|
author | Wyatt C Olney |
title | Automatic Summarization of Source Code for Novice Programmers |
abstract |
The process of generating part-of-speech information is a well established problem in the field of computer science. A wide variety of taggers exist, and have been
trained to use english text, and extract this information automatically. However, these taggers are traditionally only used for parsing information from traditional
written English, such as news articles. Many of these taggers are evaluated on the Wall Street Journal corpus, which consists of many such articles. However, natural
language artifacts also appear in the corpus of software source code, such as in method names. This thesis proposes a methodology for comparing these taggers on source
code artifacts, and evaluating their overall accuracy. Additionally, a potential application of part-of-speech tagging source code is presented in this thesis.

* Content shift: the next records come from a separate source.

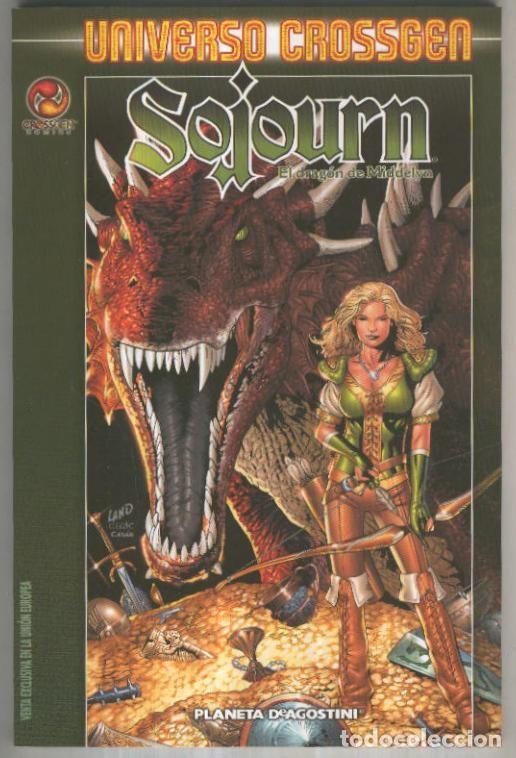 Fumetti: Universo Crossgen: Sojourn: El dragon de Middelyn - Varios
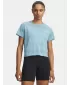 Tricou de damă UNDER ARMOUR VELOCITI SHORTSLEEVE 6009540-425 ALBASTRU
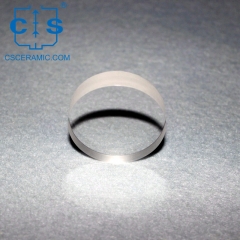 Visor de quartzo industrial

Specifically, a tool for novice programmers is developed and shown how this could be improved using this linguistic information to generate better, and more detailed
summaries for novices, by extracting information from method names. These types of summaries would allow beginning programmers to learn how to read and work with code
written by others. This is a major component of learning to work with code, especially with the collaborative nature of many modern software projects. By generating
summaries automatically, the daunting appearance of production level source code becomes easier to broach and understand for a novice.
|
school | The College of Liberal Arts, Drew University |
degree | B.A. (2016) |
advisor | Emily Hill |
committee | Steven Kass Patrick Dolan John Muccigrosso |
full text | WCOlney.pdf |
| |